1. It’s ambitious, epic and grand – Properly defined, these things are not necessarily awful traits. Too often, however, people mistakenly assume that “big” stories about wars, economic crises, or civil rights movements are greater and more ambitious than stories about two or three people in a room talking about or hiding the subtle, little emotions we go through in the ridiculously complex minefield that is human interaction. This is one of the fallacious reasons some favor Renoir’s ‘The Grand Illusion’ over ‘The Rules of the Game.’ There may be valid reasons for considering the former to be better than the latter but if your ranking is based on the war film being about “bigger” or “more important” themes you should rethink your approach to art and life. The media machine feeds this insecurity based notion by telling us everyday that big events are more important than small events, celebrities are more important than non- famous folks, Presidents are more important than garbage men, nurses or high-school principals. These are lies we cherish because we can never accept that our lives and the multivalent small moments that make them up are as great as any that have ever been. There is nothing more important than what goes on in Tom Noonan’s film about a first date between two people, ‘What Happened Was,’ not battles in Algiers, Normandy invasions, Nagasaki, The Holocaust, nothing.

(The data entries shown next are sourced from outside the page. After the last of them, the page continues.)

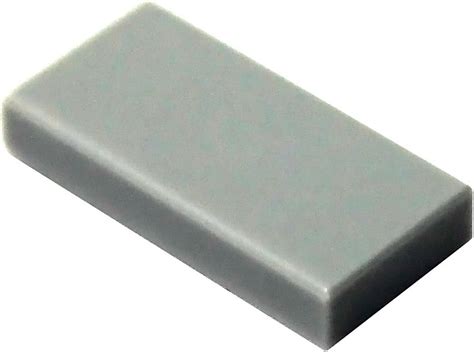 Lego 50 Light Gray Flat Tiles 1x2 Smooth Finishing Tile Buildings Floor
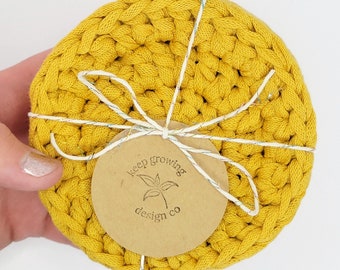 Colorful Crochet Coasters | 100% Cotton Ribbon Yarn | Table Top Decor | Handmade Gift For New Home Owner, House Closing, Apartment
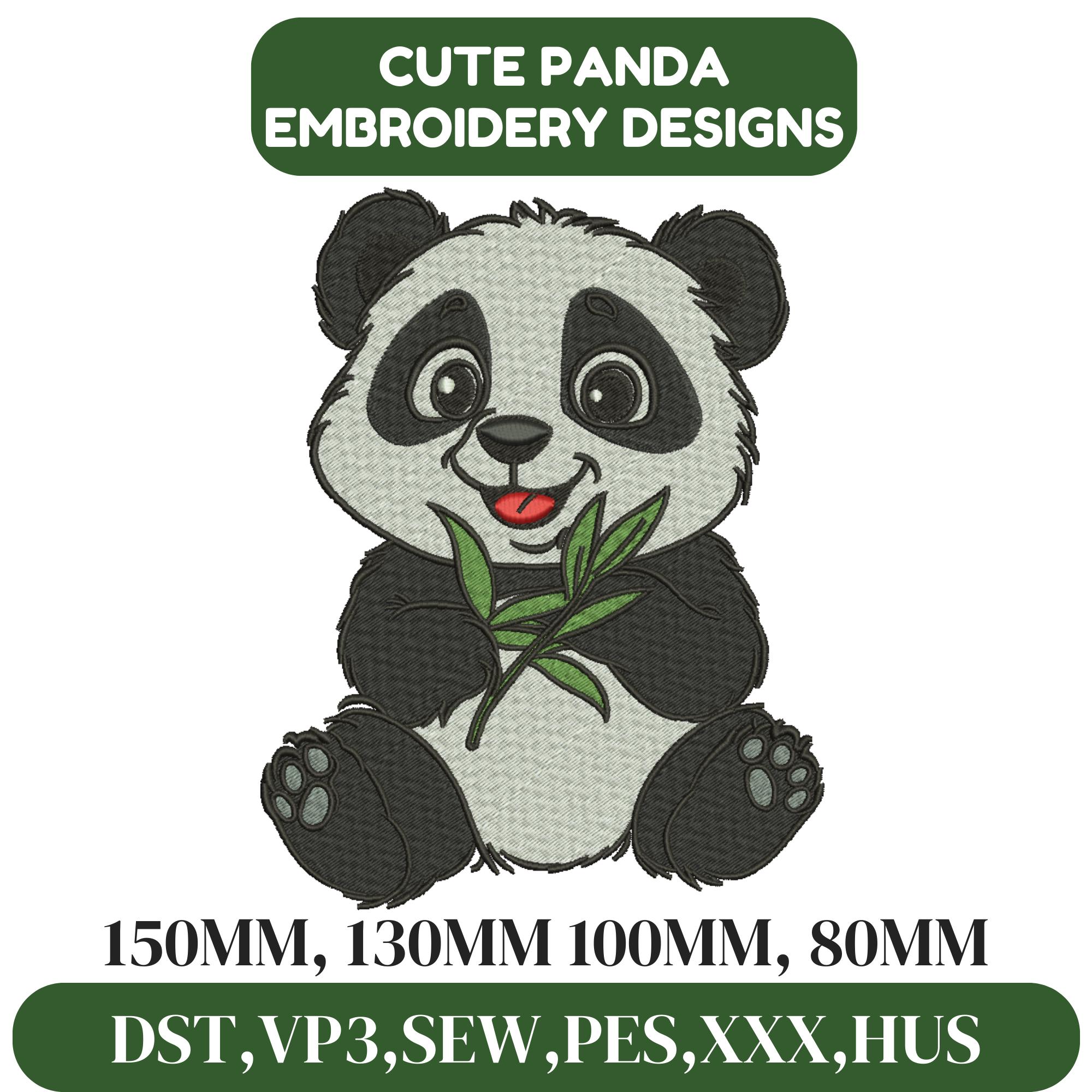Panda Embroidery Designs, Cute Panda Embroidery, Baby Boy Panda ...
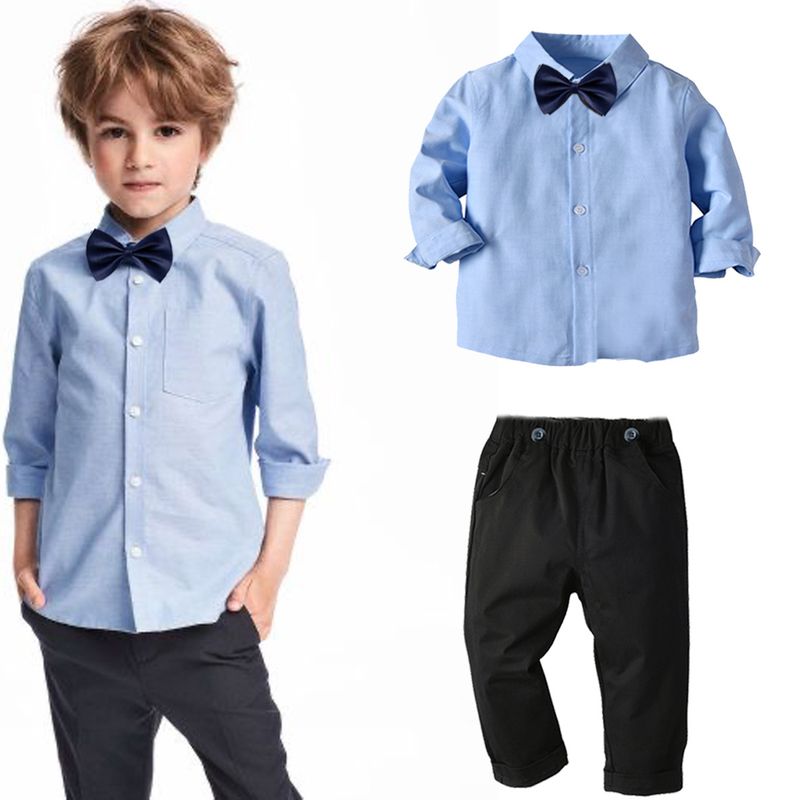 Children's Clothing Boy's Suit Children's Long Shirt Trousers Formal Dress Baby Spring And Autumn Banquet Host Dress_voghion.com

“These people and these small feelings are the greatest political force there is.” – John Cassavetes*
2. You identify with the characters – Great art is never about making us feel comfortable in our current attitudes and prejudices. In art, flattery will get you nowhere. Seek out experiences that challenge our unfortunate tendency to judge people and events. Seek out knowledge of characters you don’t identify with. On first viewing of A Woman Under The Influence, many viewers “identify” with Nick’s dilemma: how to cope with a crazy wife. Attentive and sensitive viewer will soon begin to question whether Nick is in fact the bad guy, driving her crazy, but still, she is so off the wall! Wait, so what she brings up going to bed with Nick, why do THEY make a big deal out of it. He just wants to control everything. She’s alright, just a little wonky sometimes, but…what about that guy she took home in the beginning? This is life. We can’t simply slip into easy identification in real life because the little differences, even among our closest familiars, bug the hell out of us. Demand that film invite you to a party where you don’t know anyone very well and simply observe how many of the truly weird and annoying things people do (not the cutesy ones from bad rom-coms and faux-edgy indie flicks but really annoying vocal tones and gestures) are similar, while utterly different from things you do yourself. Notice how one moment you’ve got the person you’re talking to figured out, and the next, without warning, they seem like a total stranger, then they come back and you can’t even remember what gesture or statement made them seem like a stranger, and on and on, back and forth. Think about how easy it is to sink into a driving rock or rap song because the backbeat starts and ends with basically the same goals and achieves them. Then think about a Charlie Parker solo or a Bach Partita and how, even when they end up in the same place, the path they took to get there was so winding, twisting and with so many stops and starts you felt you were completely lost for a moment, then think about how exhilarating THAT was.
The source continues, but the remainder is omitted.